**Exercise details**
The answer must be an exact copy of the lines from the one containing "American Eagle Fleece" through the end of the records, with the pictures left out.

Data for this task Block Start

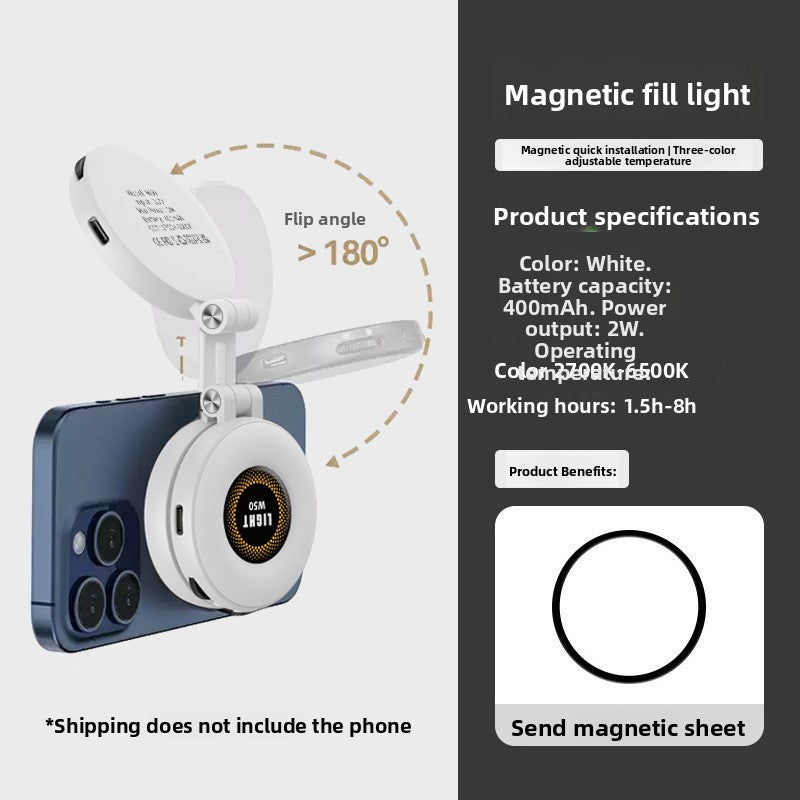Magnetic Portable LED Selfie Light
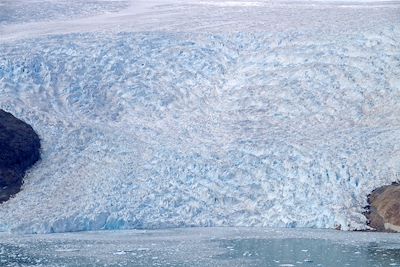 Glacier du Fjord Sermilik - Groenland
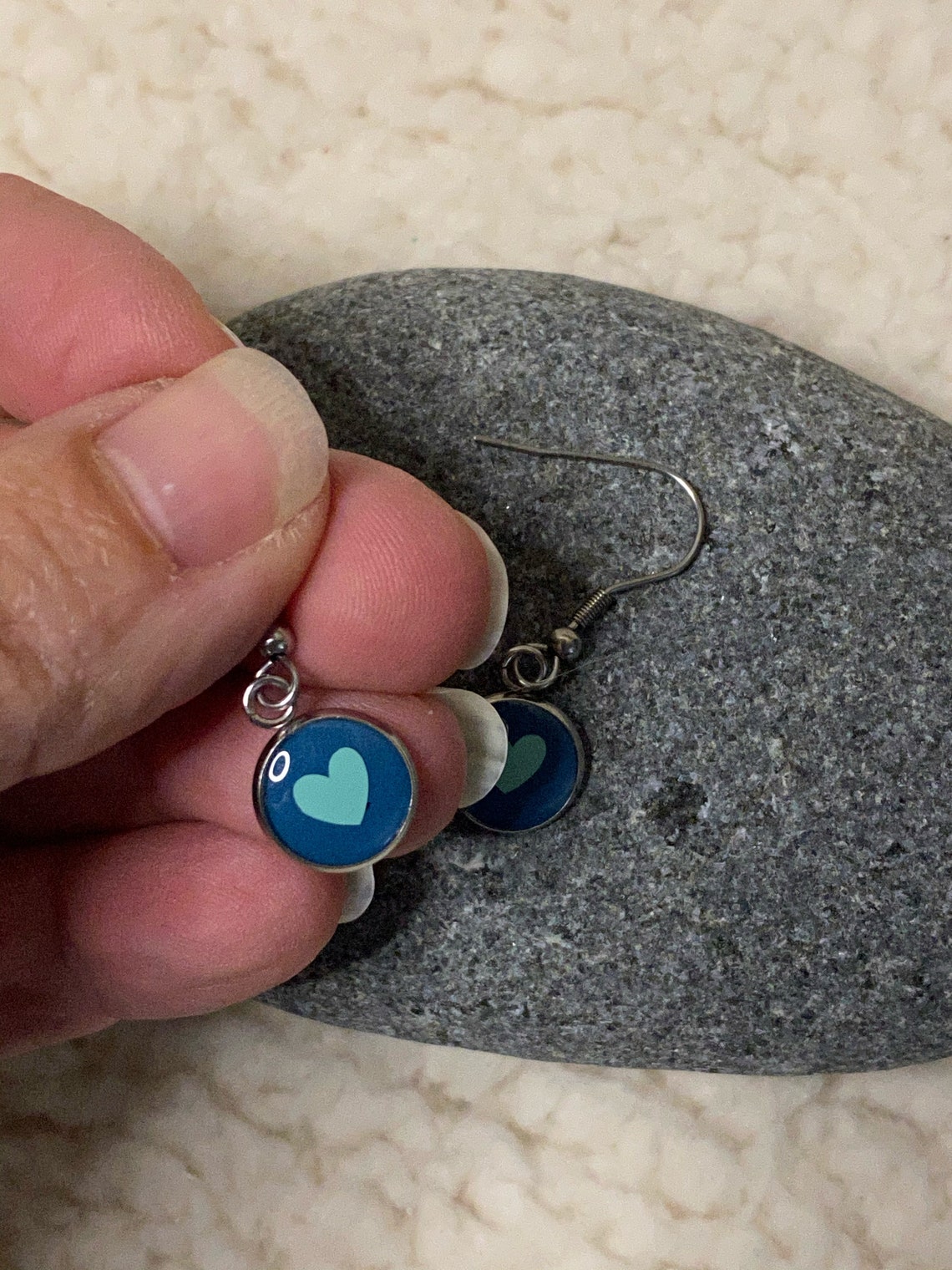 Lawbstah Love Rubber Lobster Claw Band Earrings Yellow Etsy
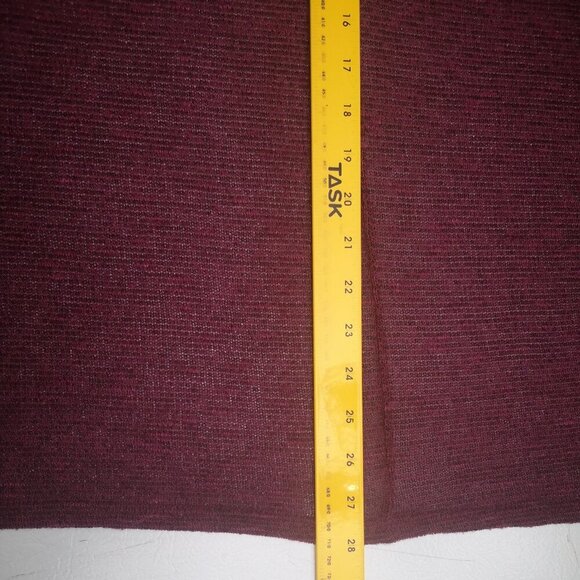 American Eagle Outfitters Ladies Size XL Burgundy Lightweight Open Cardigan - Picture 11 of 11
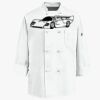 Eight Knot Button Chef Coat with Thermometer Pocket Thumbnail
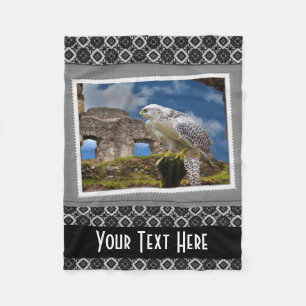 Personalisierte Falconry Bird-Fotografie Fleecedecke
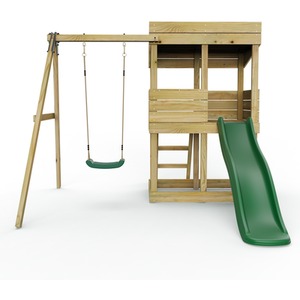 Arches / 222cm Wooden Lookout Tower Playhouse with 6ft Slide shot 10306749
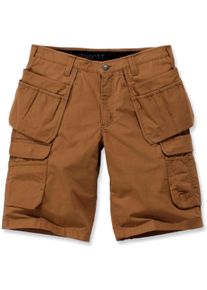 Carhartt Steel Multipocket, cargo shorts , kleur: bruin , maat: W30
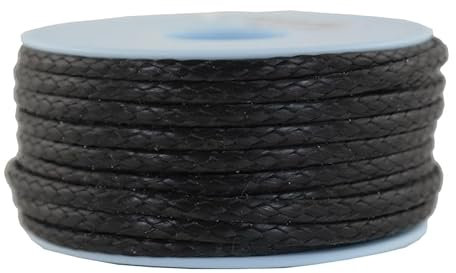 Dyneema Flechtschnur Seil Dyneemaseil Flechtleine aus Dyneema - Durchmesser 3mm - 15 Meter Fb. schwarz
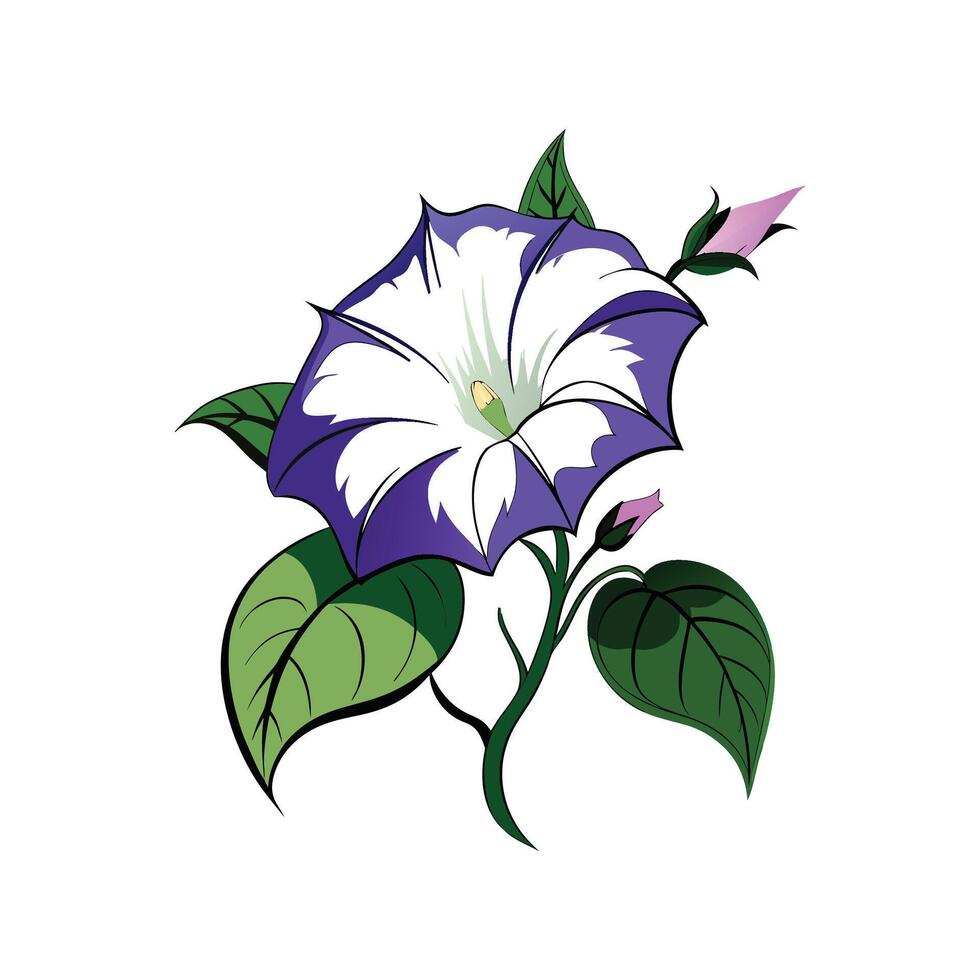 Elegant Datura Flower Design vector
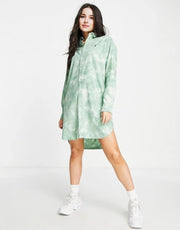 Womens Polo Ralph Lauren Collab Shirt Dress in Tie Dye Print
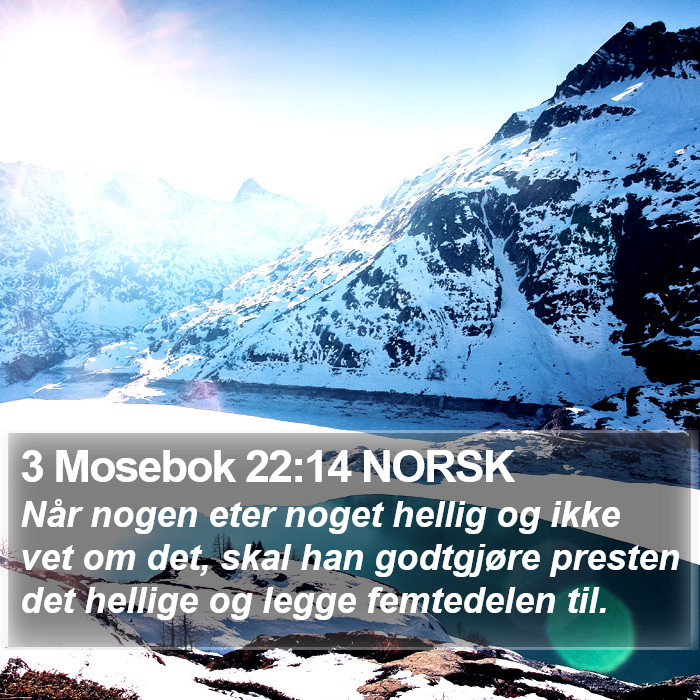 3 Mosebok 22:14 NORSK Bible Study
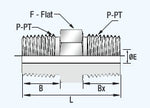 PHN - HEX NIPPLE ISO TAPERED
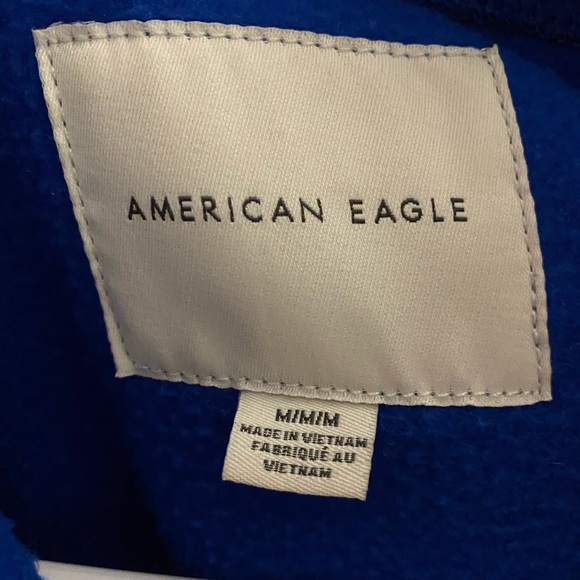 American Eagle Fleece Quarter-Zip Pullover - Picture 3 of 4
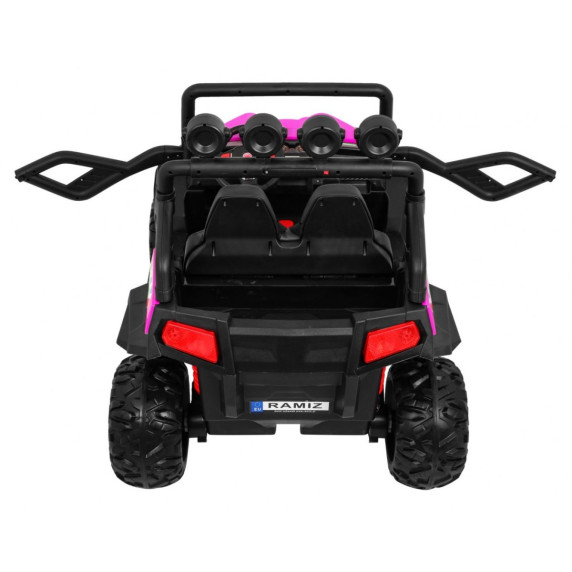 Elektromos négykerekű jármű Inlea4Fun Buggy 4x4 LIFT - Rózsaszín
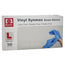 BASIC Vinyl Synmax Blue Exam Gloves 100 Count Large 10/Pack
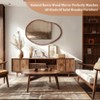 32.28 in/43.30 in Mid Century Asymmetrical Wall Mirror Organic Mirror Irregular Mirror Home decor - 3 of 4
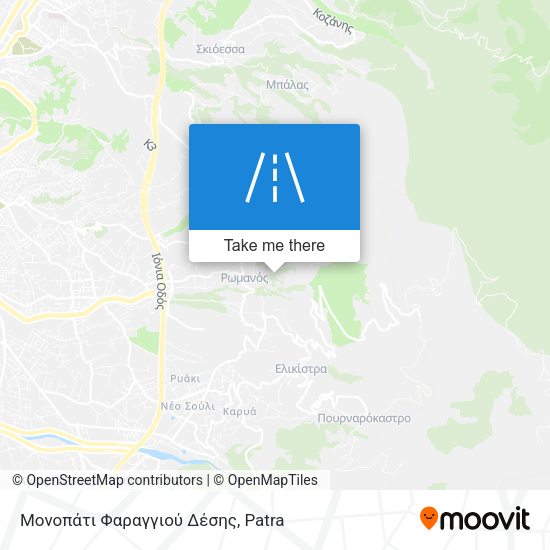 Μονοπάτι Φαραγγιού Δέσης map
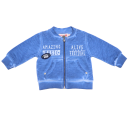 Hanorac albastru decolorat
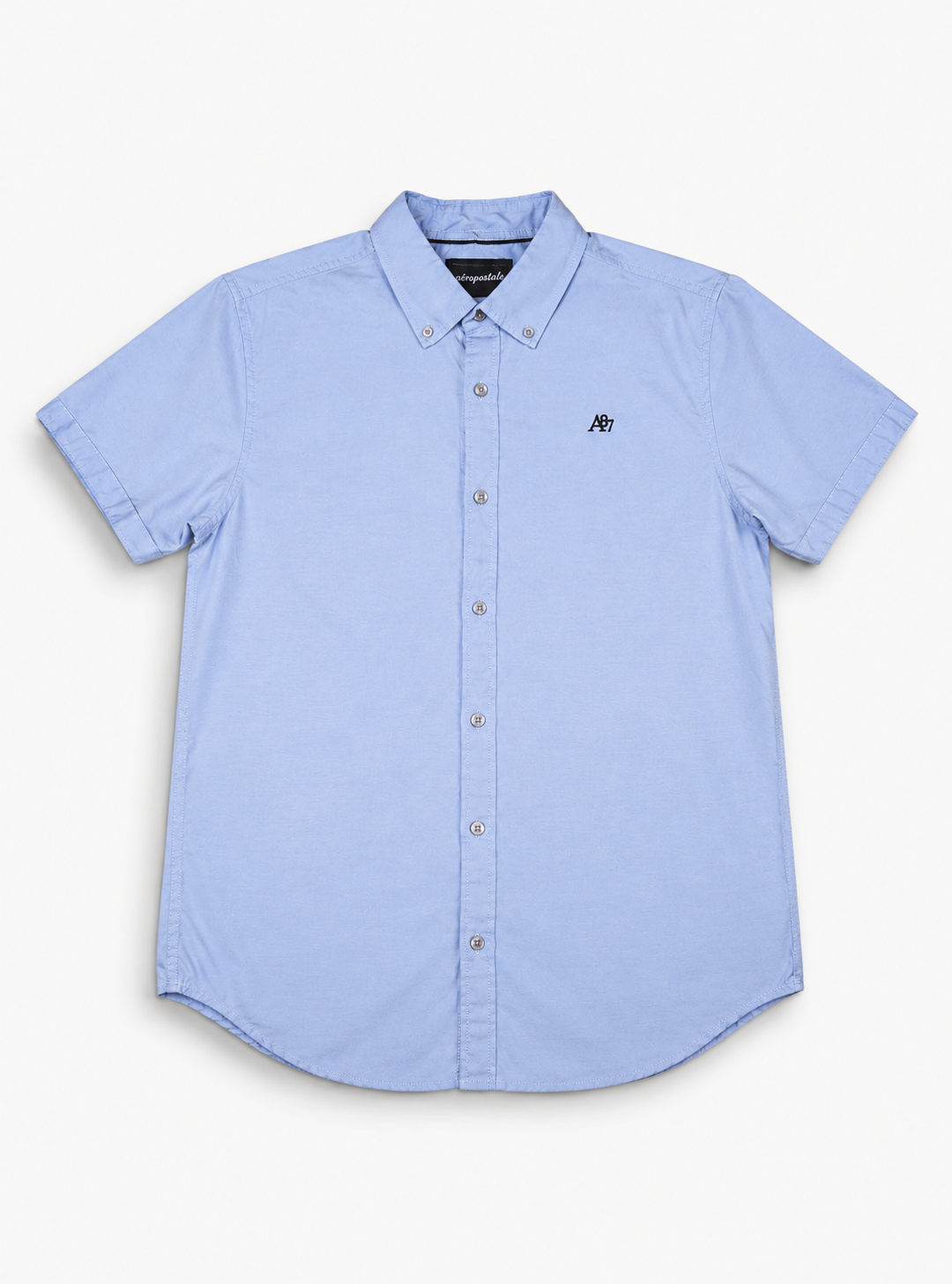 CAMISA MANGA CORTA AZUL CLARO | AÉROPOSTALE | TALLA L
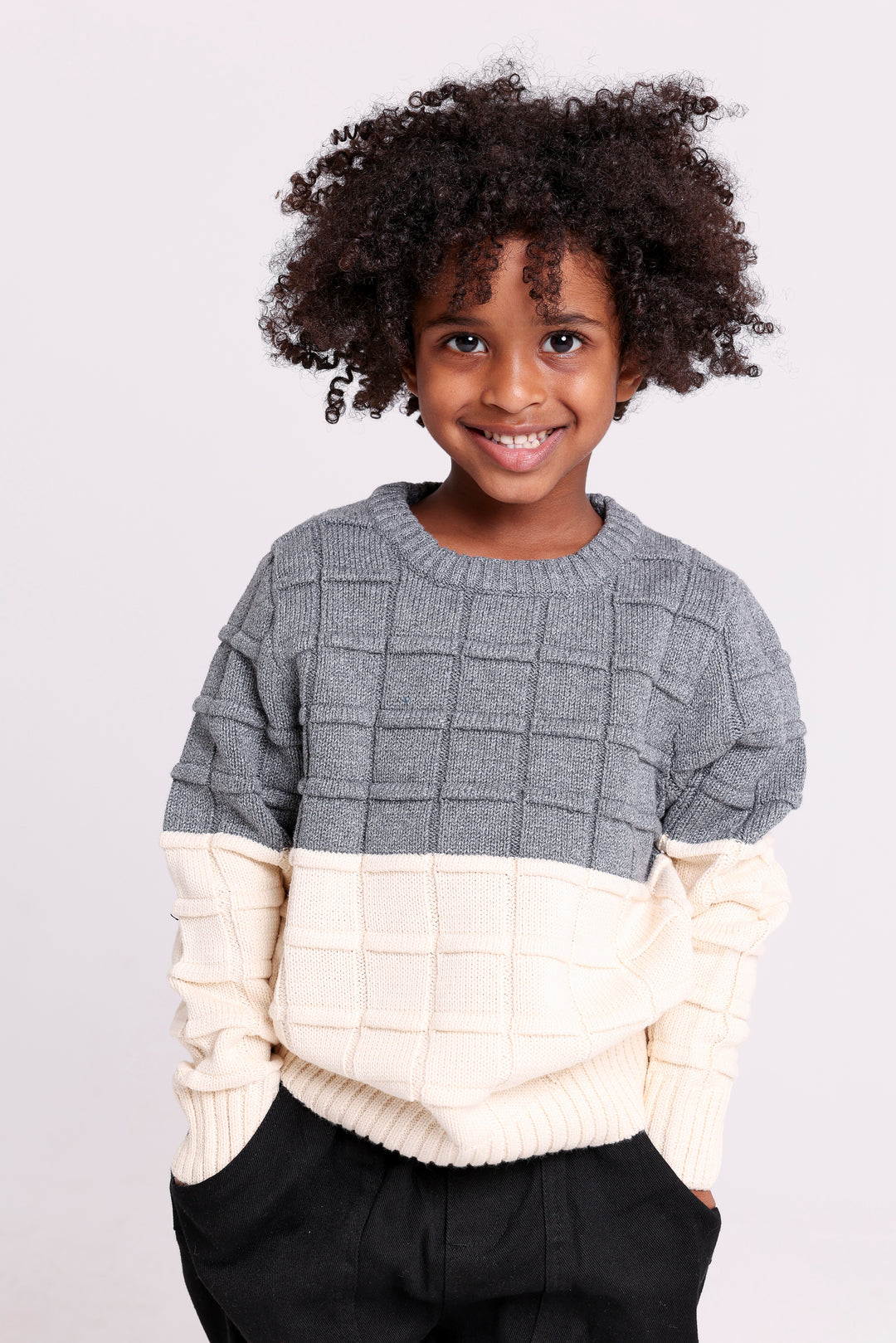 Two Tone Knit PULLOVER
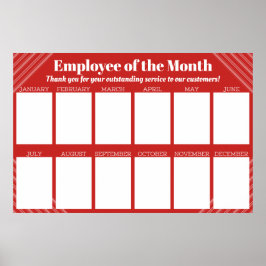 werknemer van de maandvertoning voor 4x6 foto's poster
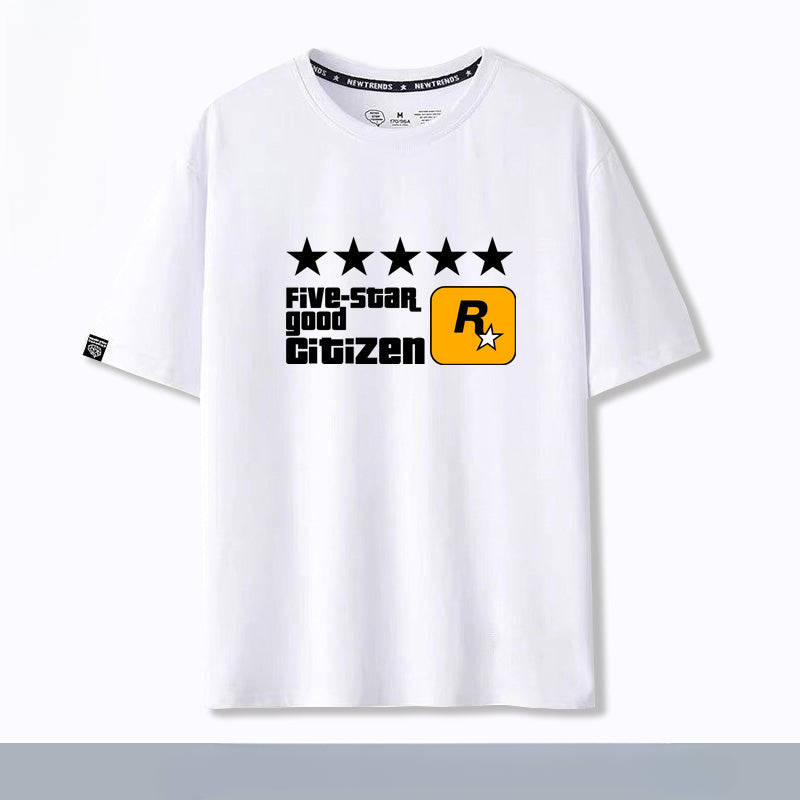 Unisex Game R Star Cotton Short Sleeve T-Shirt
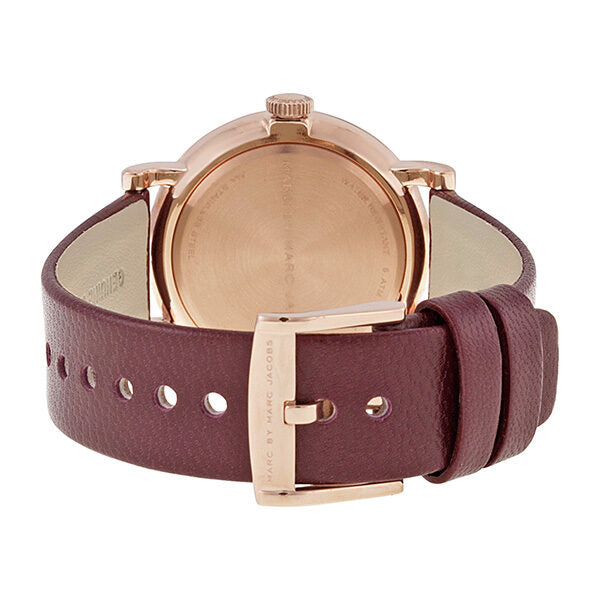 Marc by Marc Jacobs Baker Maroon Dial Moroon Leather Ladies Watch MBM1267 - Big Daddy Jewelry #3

Data for this task Block End

**Response to this task**
 American Eagle Fleece Quarter-Zip Pullover - Picture 3 of 4
 Elektromos négykerekű jármű Inlea4Fun Buggy 4x4 LIFT - Rózsaszín
 BASIC Vinyl Synmax Blue Exam Gloves 100 Count Large 10/Pack
 32.28 in/43.30 in Mid Century Asymmetrical Wall Mirror Organic Mirror Irregular Mirror Home decor - 3 of 4
 Μονοπάτι Φαραγγιού Δέσης map
 Hanorac albastru decolorat
 CAMISA MANGA CORTA AZUL CLARO | AÉROPOSTALE | TALLA L
 Two Tone Knit PULLOVER
 werknemer van de maandvertoning voor 4x6 foto's poster
 Unisex Game R Star Cotton Short Sleeve T-Shirt
 Marc by Marc Jacobs Baker Maroon Dial Moroon Leather Ladies Watch MBM1267 - Big Daddy Jewelry #3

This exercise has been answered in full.